A Florin Spun (Hector Chadwick, 2023)
Hector Chadwickの新刊が出ました!
ここまでの情報で既に『買い』確定なので、あとは何を書こうが贅言でしょうが、いちおう付記しておくと装丁も梱包も最高にかっこいいです。買いです。
おわり。
まあその、Chadwickは作家で、本書もそういった性格が非常に強く、あんまり書くと読む楽しみを奪ってしまう。内容の大枠だけ書いておくと、コイントスのコントロールのみを扱った150ページの小ぶりなハードカバーです。大きく3部構成になっており、技法40%、用途30%、歴史20%くらいの配分。
読みものとして非常に面白いし、手法の解説も詳細で実用的です。『用途』のセクションがあるもののトリックの解説はないので、そこだけは注意。でもいい本なので買いましょう。
以下は備忘録。
前書きで非常に興味深い問が提示されており、曰く「コイントス・コントロールはほぼ完璧な技法であるのに、なぜ広く使われていないのか?」。それを受けて、「本書では技法だけではなく、そもそも何故コイントスの結果をコントロールしたいのかも探っていく」と続きます。しびれますね。
前半は技法の解説。人によっては知ってる内容かも知れませんが、周辺技法まで含めて、Chadwick一流の文章と視点で詳しく解説されます。そして後半は、これこそ作家である著者の本領発揮。詳細は控えますが、マジックの場でコイントスが使われる3つの『場面』が描かれます。繰り返しになりますが、手順の解説はないのでそこは注意。

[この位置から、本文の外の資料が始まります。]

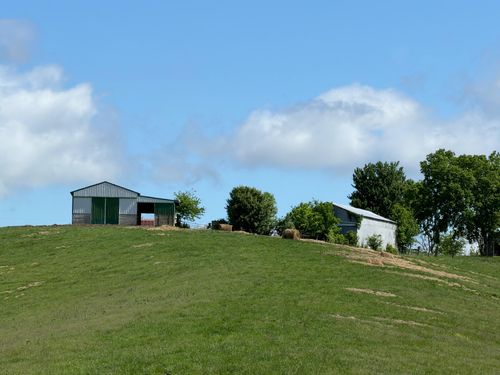 20.99 Ac Chipman Ridge Rd, Williamstown, KY, 41097-3201 | Card Image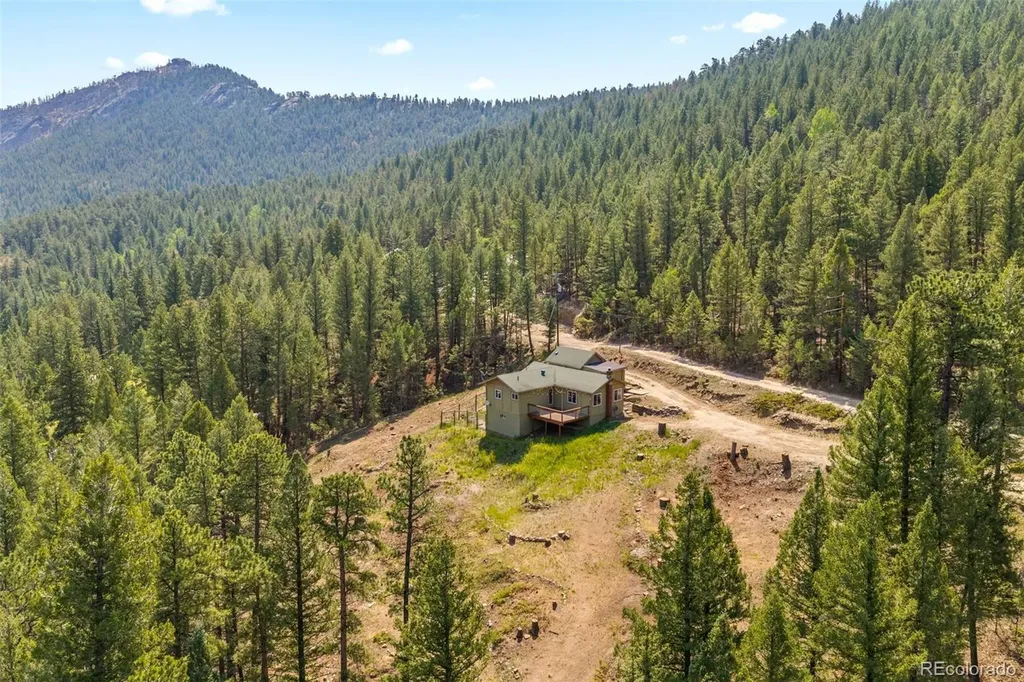 34096 Columbine Circle Evergreen CO 80439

原理や手法から、この行為のそもそもの意味、そしてクレジットまで、ひとつのテーマの探求を一冊に収めた素晴らしい本です。Héctor ManchaのThe Wonderous World of Pickpocketingとも近いですね。これを読んだら、あなたのテジナ人生にもコイントスという選択肢が入ってくること間違いありません。